A0378
Title: A nonparametric eigenvalue-regularized integrated covariance matrix estimator for asset return data
Authors: Clifford Lam - London School of Economics and Political Science (United Kingdom)
Phoenix Feng - London School of Economics (United Kingdom) [presenting]
Abstract: The estimation of an integrated covariance matrix is important in finance for portfolio allocation. To ameliorate the bias contributed from the extreme eigenvalues of the realized covariance matrix when the dimension $p$ of the matrix is large relative to the average daily sample size $n$, and the contamination by microstructure noise, various researchers attempted regularization with specific assumptions on the true matrix itself, like sparsity or factor structure, which can be restrictive at times.

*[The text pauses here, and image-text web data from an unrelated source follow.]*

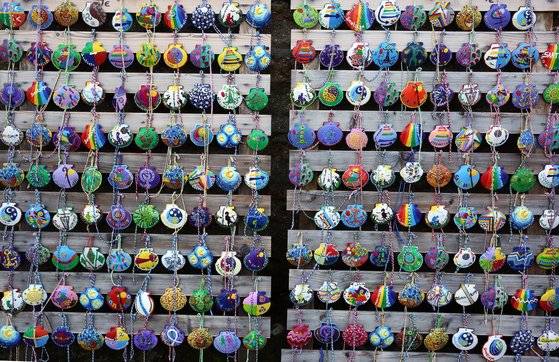 산티아고 순례길의 상징과도 같은 가리비 껍데기. 기념품으로도 인기가 좋다.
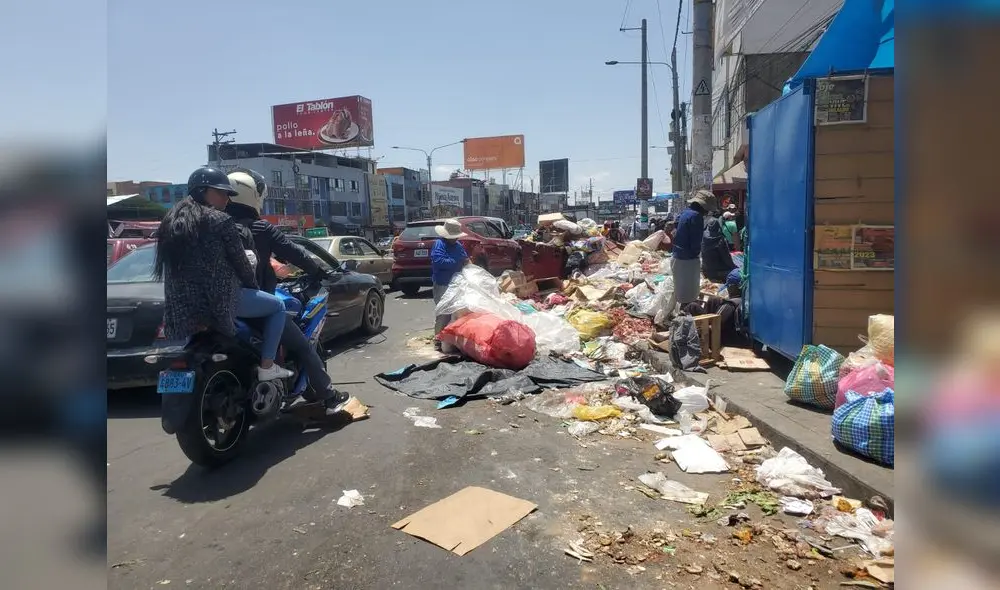 en la calle. Basura es amontonada en la vía pública.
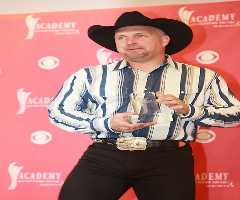 Garth Brooks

With non-synchronous trading and contamination of microstructure noise, we propose a nonparametrically eigenvalue-regularized integrated covariance matrix estimator (NERIVE) which does not assume specific structures for the underlying integrated covariance matrix. We show that NERIVE is almost surely positive definite, with extreme eigenvalues shrunk nonlinearly under the high dimensional framework $p/n \rightarrow c > 0$. We also prove that almost surely, the minimum variance optimal weight vector constructed using NERIVE has maximum exposure and actual risk upper bounds of order $p^{-1/2}$. Incidentally, the same maximum exposure bound is also satisfied by the theoretical minimum variance portfolio weights. All these results hold true also under a jump diffusion model for the log-price processes with jumps removed using the wavelet method.